The United Nations Food and Agriculture Organization (FAO) reported today that global food prices were down for the second straight month in May and that the outlook for worldwide cereal supply has improved considerably since last month.
FAO's Food Price Index continued its decline from the 10-month high it experienced in March, the agency said in a news release, noting that prices fell as generally ample supplies weighed on international prices for most commodities included in the Index.
The Index – which measures monthly changes in global prices of a basket of meat, dairy, cereals, oils and fats, and sugar – averaged 207.9 points in May 2014, down 2.5 points from April.
According to FAO, the Index had risen to a ten-month high of 213 points in March, but fell in April and May amid lower dairy, cereal and vegetable oil prices. Sugar prices went against the trend, making strong gains in May, while meat remained firm.
The Cereal Price Index was down 2.4 points in May, as compared to April, with the decline mostly triggered by maize prices, which fell in response to favourable growing conditions and good supply prospects in 2014/15.
Wheat prices, which had contributed to price increases in previous months, partly amid fears of disruptions to trade flows from Ukraine, also fell, while rice prices saw little change.

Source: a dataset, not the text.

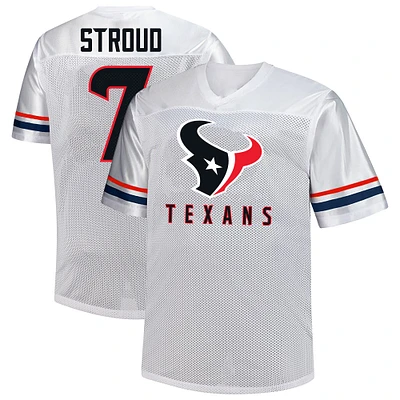 Men's Fanatics C.J. Stroud White Houston Texans Big & Tall V-Neck Fashion Jersey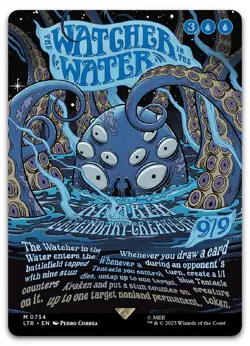 The Watcher in the Water (Borderless Poster) #734 NM Lord of the Rings Magic MTG - Image 1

“We went into May with concerns over unfavourable weather conditions, especially in the US, and geopolitical tensions in the Black Sea region, but towards the second half of May, we began to see lower wheat prices following improved weather conditions and the continuation of regular shipping patterns from the Ukraine,” said FAO Senior Economist Abdolreza Abbassian.
Vegetable oils were down 3.7 per cent from April, reflecting lower quotations of palm, soy and grapeseed oils.
Meanwhile, after a period of limited export supplies and exceptionally high prices in 2013 and early 2014, the market for dairy commodities is undergoing some “adjustment” as the production outlook improves. The Dairy Price Index in May declined 12 points over April.
Meat prices remained nearly unchanged from April, while sugar was up 9.3 points amid early forecasts of a possible production deficit for the 2014/15 season and El Niño-related weather concerns.
FAO's monthly update on the world cereal market, the Cereal Supply and Demand Brief, puts world cereal production in 2014 at nearly 2,480 million tonnes, almost 1 per cent higher than was reported in May, though still 1.4 per cent down from 2013.